In a recent study, demographers Jean-Pierre Guengant and John May say the north and south of the continent are exceptions. Most of Africa is catching up too little, too late. The result is that the continent’s overall population will rise sharply, its big cities will grow alarmingly, and while its labor force will also expand, its coming “youth bulge” will be difficult to manage. They conclude that governments must do much more to encourage and improve family planning.

Recent census and survey data suggest that African fertility is falling more slowly than the U.N. had expected in 2010, when it produced its regular worldwide population survey. Using recent figures, Guengant and May divide Africa into four groups. The first are those with fertility rates below 4.0. There are 13 of them, and they have 22 percent of the continent’s population. All are either in the north or south, or are islands, such as the Seychelles.

Africa has 40 other countries, not including South Sudan, which has not yet had its own census. Fifteen have fertility rates between 4.0 and 5.0. They include some of the continent’s recent relative economic successes, such as Ghana, Rwanda and Ethiopia, but also a few abject failures, such as Zimbabwe and the Central African Republic. They have the same share of the continent’s population as the first group, 22 percent.

The next group is almost as large as the first two combined. Its 16 countries include Nigeria, which has 170 million people. Their fertility rates are between 5.0 and 6.0 — though their demographic patterns are starting to change, fitfully.

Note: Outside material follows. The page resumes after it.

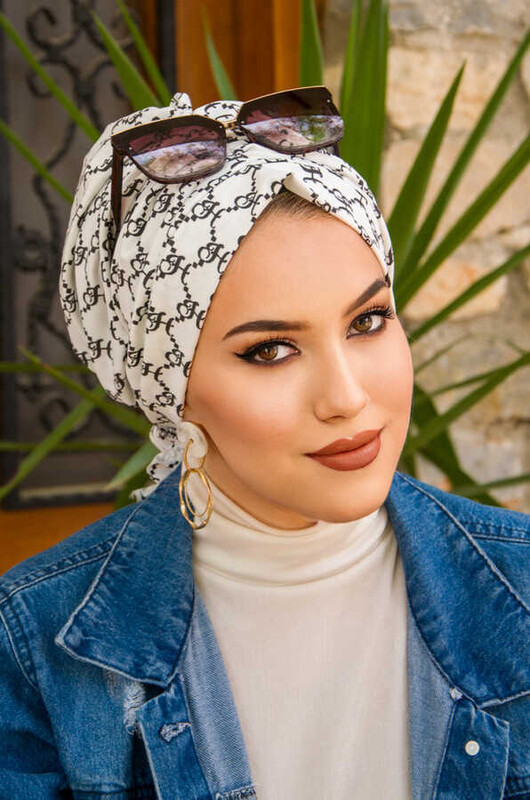 Siyah Beyaz Hat Desen Tokalı Bone - Thumbnail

And the last group’s members have fertility rates over 6.0, not so different from the 1960s. Most are landlocked; most have low rates of urbanization. They include Uganda, the Democratic Republic of Congo and Niger, which, at 7.5, has the world’s highest fertility rate.

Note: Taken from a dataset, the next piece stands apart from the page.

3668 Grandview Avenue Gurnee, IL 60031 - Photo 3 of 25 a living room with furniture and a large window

Add the last three groups together and you find that 78 percent of Africa’s people live in countries where the transition to low fertility and low mortality is nowhere near finished.

That has big implications for the overall size of the continent’s population. There were 1 billion Africans in 2010. The U.N. reckons that the population will increase to 1.6 billion by 2030 and will double by 2050. But if there is a slower fall in fertility, Africa’s population will rise to 2.7 billion by 2050, accounting for more than a quarter of the world’s population. In 1970, they made up only a tenth.

There were 411 million African children in 2010, age 14 years or below. By 2050 there will be 839 million, according to the U.N.’s higher estimate. Educating all those young minds will be expensive. It is true that there will also be lots of new arrivals into the labor force. But the African Development Bank pointed out in 2012 that only a quarter of young African men and just 10 percent of young African women manage to get jobs in the formal economy before they reach the age of 30.

Dani Rodrik of Princeton University reckons that manufacturing and private investment have hardly budged despite a decade of rising incomes. And African growth still depends heavily on commodity exports to China, where demand for raw materials is slowing.

In these circumstances, the demographers argue, African governments need to emphasize family planning. In most of sub-Saharan Africa, the rate of women using modern contraceptive methods is below 20 percent. The countries where they are used most frequently are also the ones catching up fastest with the rest of the world. Unless the other African countries follow suit, the continent risks having too many people with too few chances of escaping poverty.